▶ Task
Go to the line holding "sonakshi would like to do a madhubala biopic" in the entries below and write out exactly every line down to and including the line holding "Queen Sharm Resort".

▶ Extracted material
════

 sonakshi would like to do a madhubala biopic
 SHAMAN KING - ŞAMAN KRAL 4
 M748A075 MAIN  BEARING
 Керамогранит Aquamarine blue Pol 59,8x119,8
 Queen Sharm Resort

════

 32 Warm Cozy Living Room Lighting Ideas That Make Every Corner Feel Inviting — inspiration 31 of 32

════

▶ Solution
 sonakshi would like to do a madhubala biopic
 SHAMAN KING - ŞAMAN KRAL 4
 M748A075 MAIN  BEARING
 Керамогранит Aquamarine blue Pol 59,8x119,8
 Queen Sharm Resort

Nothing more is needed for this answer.